*** Opening Information ***

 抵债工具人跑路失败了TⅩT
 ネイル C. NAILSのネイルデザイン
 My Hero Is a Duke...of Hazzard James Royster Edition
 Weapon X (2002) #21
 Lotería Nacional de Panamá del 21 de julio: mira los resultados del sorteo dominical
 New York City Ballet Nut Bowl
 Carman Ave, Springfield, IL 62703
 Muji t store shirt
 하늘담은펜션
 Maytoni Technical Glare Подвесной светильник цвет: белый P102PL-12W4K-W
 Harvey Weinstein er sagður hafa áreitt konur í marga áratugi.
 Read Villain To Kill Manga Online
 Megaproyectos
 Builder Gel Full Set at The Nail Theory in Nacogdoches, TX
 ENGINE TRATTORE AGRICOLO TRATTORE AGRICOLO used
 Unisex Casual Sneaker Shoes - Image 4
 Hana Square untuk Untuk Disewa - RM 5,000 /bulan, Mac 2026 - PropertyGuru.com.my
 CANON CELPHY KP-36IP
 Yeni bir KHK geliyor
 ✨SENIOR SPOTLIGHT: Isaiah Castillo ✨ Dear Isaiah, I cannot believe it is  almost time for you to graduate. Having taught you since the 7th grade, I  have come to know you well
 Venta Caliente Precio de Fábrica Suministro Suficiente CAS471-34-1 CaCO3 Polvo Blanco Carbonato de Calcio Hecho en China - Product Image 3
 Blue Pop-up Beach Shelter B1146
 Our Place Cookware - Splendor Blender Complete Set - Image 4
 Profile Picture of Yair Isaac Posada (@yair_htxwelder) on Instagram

*** Closing Information ***

■ How to complete this task
Which lines above run from the one containing "Carman Ave, Springfield, IL 62703" to the one containing "know you well"? Give them again exactly, both ends included.

■ The completed task
 Carman Ave, Springfield, IL 62703
 Muji t store shirt
 하늘담은펜션
 Maytoni Technical Glare Подвесной светильник цвет: белый P102PL-12W4K-W
 Harvey Weinstein er sagður hafa áreitt konur í marga áratugi.
 Read Villain To Kill Manga Online
 Megaproyectos
 Builder Gel Full Set at The Nail Theory in Nacogdoches, TX
 ENGINE TRATTORE AGRICOLO TRATTORE AGRICOLO used
 Unisex Casual Sneaker Shoes - Image 4
 Hana Square untuk Untuk Disewa - RM 5,000 /bulan, Mac 2026 - PropertyGuru.com.my
 CANON CELPHY KP-36IP
 Yeni bir KHK geliyor
 ✨SENIOR SPOTLIGHT: Isaiah Castillo ✨ Dear Isaiah, I cannot believe it is  almost time for you to graduate. Having taught you since the 7th grade, I  have come to know you well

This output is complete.